HABER: MEHMET OFLAZ
(ANKARA) – İstanbul Anadolu Cumhuriyet Başsavcılığı, İstanbul Çekmeköy İlçe Ulusal Eğitim Müdürlüğü’nün, ÇEDES projesi kapsamında öğrencileri mescide götürmesi üzerine Halkçı Hukukçular’ın Milli Eğitim Bakanı Yusuf Tekin ile vilayet ve ilçe ulusal eğitim müdürleri hakkında yaptığı hata duyurusu için ‘soruşturma yapılmasına yer olmadığı’ kararını verdi.
Ulusal Eğitim Bakanlığı’nın (MEB), “Çevreme Hassasım, Değerlerime Sahip Çıkıyorum (ÇEDES)” projesi kapsamında İstanbul Çekmeköy’deki ilkokul, ortaokul ve lise öğrencileri, Ensar Mescidi’ne sabah namazına götürülmüştü. Namazın akabinde çocukların mescitteki manzaraları Çekmeköy İlçe Ulusal Eğitim Müdürlüğü’nün toplumsal medya hesabından paylaşılmıştı. Halkçı Hukukçular; Milli Eğitim Bakanı Yusuf Tekin, İstanbul Vilayet Ulusal Eğitim Müdürü Murat Mücahit Yentür, Çekmeköy İlçe Ulusal Eğitim Müdürü Mustafa Akhan hakkında 1 Mart 2024’te İstanbul Anadolu Cumhuriyet Başsavcılığı’na cürüm duyurusunda bulunmuştu.

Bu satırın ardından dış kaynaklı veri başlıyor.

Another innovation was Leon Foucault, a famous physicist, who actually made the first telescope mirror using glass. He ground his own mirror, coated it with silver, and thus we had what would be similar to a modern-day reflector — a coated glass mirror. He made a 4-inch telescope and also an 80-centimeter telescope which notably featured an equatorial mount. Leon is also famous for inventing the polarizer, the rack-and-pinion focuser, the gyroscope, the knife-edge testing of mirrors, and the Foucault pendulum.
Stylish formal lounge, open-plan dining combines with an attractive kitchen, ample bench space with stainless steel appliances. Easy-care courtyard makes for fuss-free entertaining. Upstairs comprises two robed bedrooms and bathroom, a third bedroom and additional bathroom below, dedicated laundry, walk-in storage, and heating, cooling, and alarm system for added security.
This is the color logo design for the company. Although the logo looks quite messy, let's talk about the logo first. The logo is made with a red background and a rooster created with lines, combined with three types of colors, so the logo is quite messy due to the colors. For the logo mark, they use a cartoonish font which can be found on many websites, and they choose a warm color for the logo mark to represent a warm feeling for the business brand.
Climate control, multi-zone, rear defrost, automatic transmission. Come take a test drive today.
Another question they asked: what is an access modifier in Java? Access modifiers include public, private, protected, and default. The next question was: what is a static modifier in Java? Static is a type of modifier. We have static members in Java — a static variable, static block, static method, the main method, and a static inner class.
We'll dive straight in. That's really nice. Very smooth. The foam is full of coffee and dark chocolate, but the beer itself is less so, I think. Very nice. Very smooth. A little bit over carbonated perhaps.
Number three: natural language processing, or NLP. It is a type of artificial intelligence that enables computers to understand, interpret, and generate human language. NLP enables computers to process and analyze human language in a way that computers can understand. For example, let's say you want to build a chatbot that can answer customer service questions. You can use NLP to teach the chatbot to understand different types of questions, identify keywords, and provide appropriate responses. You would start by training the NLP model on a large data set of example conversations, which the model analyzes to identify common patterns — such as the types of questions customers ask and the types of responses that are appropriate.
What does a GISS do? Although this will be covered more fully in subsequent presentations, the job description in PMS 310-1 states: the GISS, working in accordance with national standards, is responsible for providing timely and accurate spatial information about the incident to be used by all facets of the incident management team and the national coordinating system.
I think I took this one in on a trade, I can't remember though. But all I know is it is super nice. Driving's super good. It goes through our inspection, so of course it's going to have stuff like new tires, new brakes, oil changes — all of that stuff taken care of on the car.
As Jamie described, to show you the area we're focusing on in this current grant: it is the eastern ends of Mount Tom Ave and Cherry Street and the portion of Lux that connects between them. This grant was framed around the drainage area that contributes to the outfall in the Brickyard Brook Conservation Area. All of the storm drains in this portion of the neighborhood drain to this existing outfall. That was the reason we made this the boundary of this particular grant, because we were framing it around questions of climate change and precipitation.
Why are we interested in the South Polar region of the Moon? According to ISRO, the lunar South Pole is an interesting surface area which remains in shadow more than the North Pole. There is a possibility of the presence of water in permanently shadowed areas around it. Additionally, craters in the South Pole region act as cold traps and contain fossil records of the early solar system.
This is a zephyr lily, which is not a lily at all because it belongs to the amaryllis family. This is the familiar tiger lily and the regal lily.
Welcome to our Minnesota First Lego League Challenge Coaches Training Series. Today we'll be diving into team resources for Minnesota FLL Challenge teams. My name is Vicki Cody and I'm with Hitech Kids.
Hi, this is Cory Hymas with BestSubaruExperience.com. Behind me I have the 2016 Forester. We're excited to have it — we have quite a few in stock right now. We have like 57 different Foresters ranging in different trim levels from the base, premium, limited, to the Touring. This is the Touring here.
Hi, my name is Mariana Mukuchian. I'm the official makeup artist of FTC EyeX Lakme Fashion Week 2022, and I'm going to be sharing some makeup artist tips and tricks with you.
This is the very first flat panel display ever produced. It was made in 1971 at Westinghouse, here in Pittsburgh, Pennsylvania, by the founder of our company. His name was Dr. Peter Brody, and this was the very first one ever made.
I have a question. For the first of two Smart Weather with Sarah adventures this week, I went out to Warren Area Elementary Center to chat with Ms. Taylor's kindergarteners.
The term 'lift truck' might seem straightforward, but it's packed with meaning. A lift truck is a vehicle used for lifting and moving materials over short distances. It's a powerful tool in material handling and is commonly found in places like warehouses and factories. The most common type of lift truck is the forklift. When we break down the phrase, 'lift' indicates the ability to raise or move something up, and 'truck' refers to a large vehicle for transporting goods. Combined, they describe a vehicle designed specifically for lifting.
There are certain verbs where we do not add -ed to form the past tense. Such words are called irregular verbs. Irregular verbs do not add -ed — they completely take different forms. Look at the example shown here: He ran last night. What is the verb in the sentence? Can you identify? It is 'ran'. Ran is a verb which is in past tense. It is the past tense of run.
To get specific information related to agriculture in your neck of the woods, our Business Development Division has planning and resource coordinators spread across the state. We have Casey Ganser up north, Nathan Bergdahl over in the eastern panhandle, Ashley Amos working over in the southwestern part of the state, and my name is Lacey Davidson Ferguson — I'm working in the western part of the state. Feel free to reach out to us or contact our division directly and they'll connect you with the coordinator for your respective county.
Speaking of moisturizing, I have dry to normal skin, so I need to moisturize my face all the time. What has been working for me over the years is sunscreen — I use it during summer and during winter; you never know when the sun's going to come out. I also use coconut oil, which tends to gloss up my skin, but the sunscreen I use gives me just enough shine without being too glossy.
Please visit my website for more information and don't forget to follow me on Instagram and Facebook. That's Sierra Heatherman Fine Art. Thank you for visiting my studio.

‘İnanç, niyet ve kanaat hürriyetinin kullanılmasının engellenmesi tezine husus aksiyon yok’
Halkçı Hukukçular’ın cürüm duyurusunu sürece alan savcılık, 29 Nisan 2024 tarihinde Bakan Tekin, Yentür ve Akhan hakkındaki şikayetle ilgili “soruşturmaya yer olmadığına” karar verdi. ANKA Haber Ajansı’nın ulaştığı kararda, şu sözlere yer verildi:
“Müştekilerin dilekçesine mevzu olaya yönelik bir kadro yaşı küçüklerin fotoğraflarının müsaadesiz paylaşıldığı argümanının fotoğrafın paylaşılan küçüklerin vasi ve velileri tarafından şikayet konusu edilebileceği bu etapta ulaşmış bir şikayet bulunmadığı ve bu suretle şikayet hakkının müştekide bulunmadığı, bununla bir arada yapılan tertibin kabahat teşkil ettiği istikametindeki tezlerin değerlendirilmesinde suça bahis ‘İnanç, fikir ve kanaat hürriyetinin kullanılmasının engellenmesi’ tezine mevzu aksiyon olarak pahalandırılacak fiil ve veya aksiyon bulunmadığı anlaşılmakla olay hakkında kamu ismine soruşturmaya yer olmadığına karar verildi.”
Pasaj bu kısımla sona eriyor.